Step-by-Step Implementation

1) Train base models.
1) Generate predictions from base models.
1) Train the meta-model using the predictions from the base models.
1) Evaluate the performance of the stacked model.

We've already trained the base models and generated the prediction. These are all safely stored in pickle-files, so we'll need to import them first.

Right?

No. What we saved were the predictions on the test-set, not on the training-set. To train a model we'll need all that data, not just the predictions. That means we'll have to rebuild all models (as we didn't save those).
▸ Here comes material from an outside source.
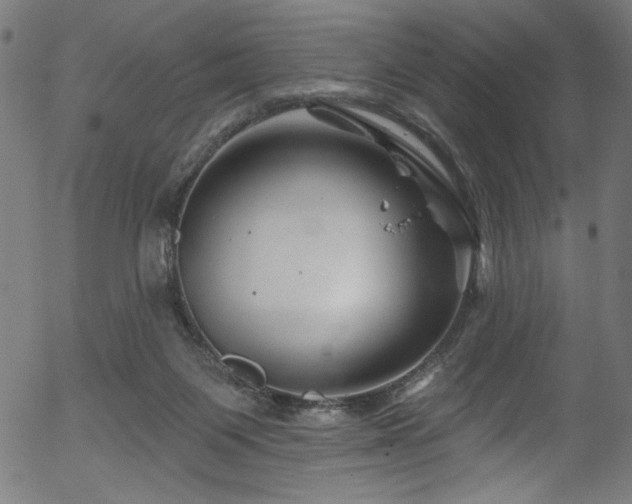 X0000056370119200508291411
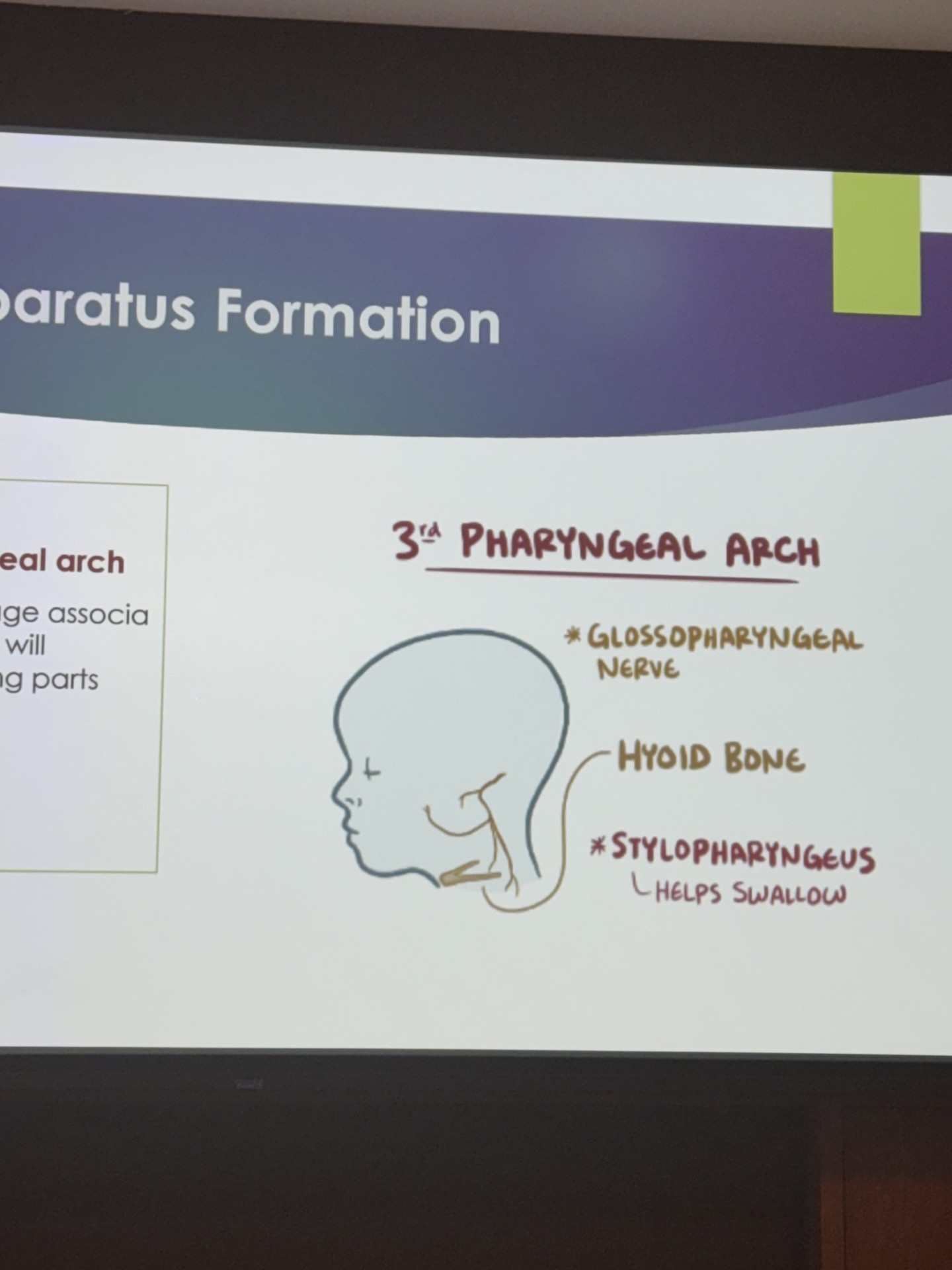 <ul><li><p>creates the rest of the hyoid bone</p></li><li><p>contains unnamed cartilage </p></li><li><p>innervated by the glossopharyngeal cranial nerve</p></li></ul><p></p>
But repeating is part of the learning process, so let's start with the linear regressor:

In [None]:
#DELETE

from sklearn.linear_model import LinearRegression

linear_regressor = LinearRegression()
linear_regressor.fit(X_train, y_train)
y_pred_lr = linear_regressor.predict(X_train)

Next was the decision tree.

In [None]:
#DELETE
from sklearn.tree import DecisionTreeRegressor

tree_regressor = DecisionTreeRegressor(max_depth=3)
tree_regressor.fit(X_train, y_train)
y_pred_tree = tree_regressor.predict(X_train)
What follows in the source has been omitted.